Exercise brief
Send back the data below exactly. Drop every picture.

Stored data
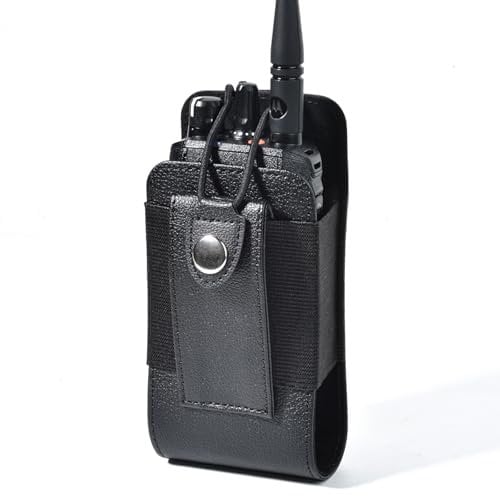 UAYESOK Walkie Talkie Tasche, Funkgeräteholster Leder Tragetasche Beutel Tactikal Funkgeräte Pouch für Präsident CB Motorola DP1400 CP040 GP88 DP4400 Baofeng Hytera Kenwood Zweiweg-Funk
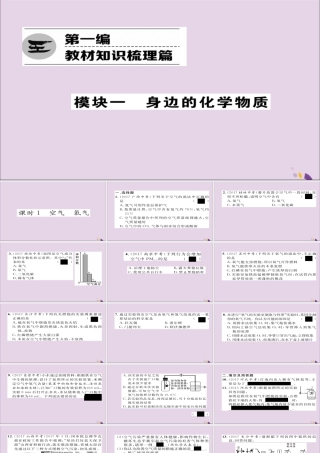 中考化学复习 第一编 教材知识梳理篇 模块一 身边的化学物质 课时1 空气 氧气课件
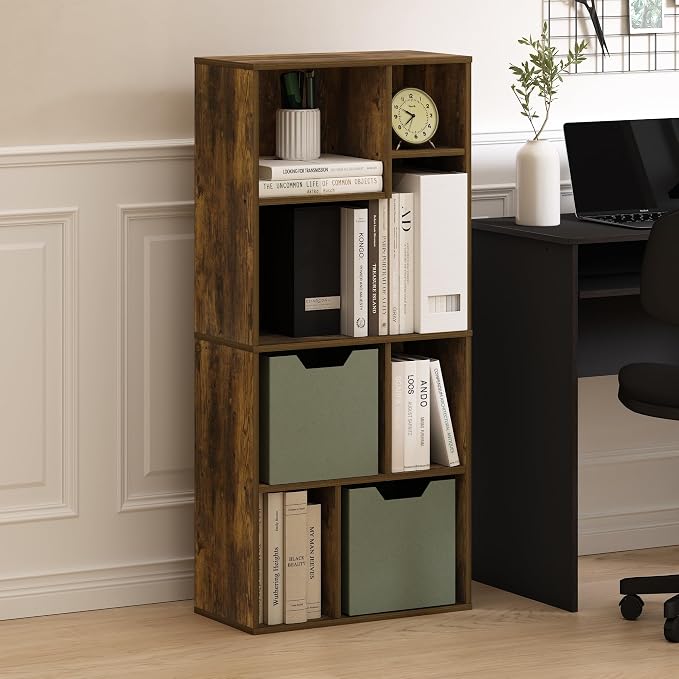 Furinno DALY Book Shelf, 7-Cube Bookshelf, Cube Storage Organizer Bookcase - Image 2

Response for this exercise
 UAYESOK Walkie Talkie Tasche, Funkgeräteholster Leder Tragetasche Beutel Tactikal Funkgeräte Pouch für Präsident CB Motorola DP1400 CP040 GP88 DP4400 Baofeng Hytera Kenwood Zweiweg-Funk
 中考化学复习 第一编 教材知识梳理篇 模块一 身边的化学物质 课时1 空气 氧气课件
 Furinno DALY Book Shelf, 7-Cube Bookshelf, Cube Storage Organizer Bookcase - Image 2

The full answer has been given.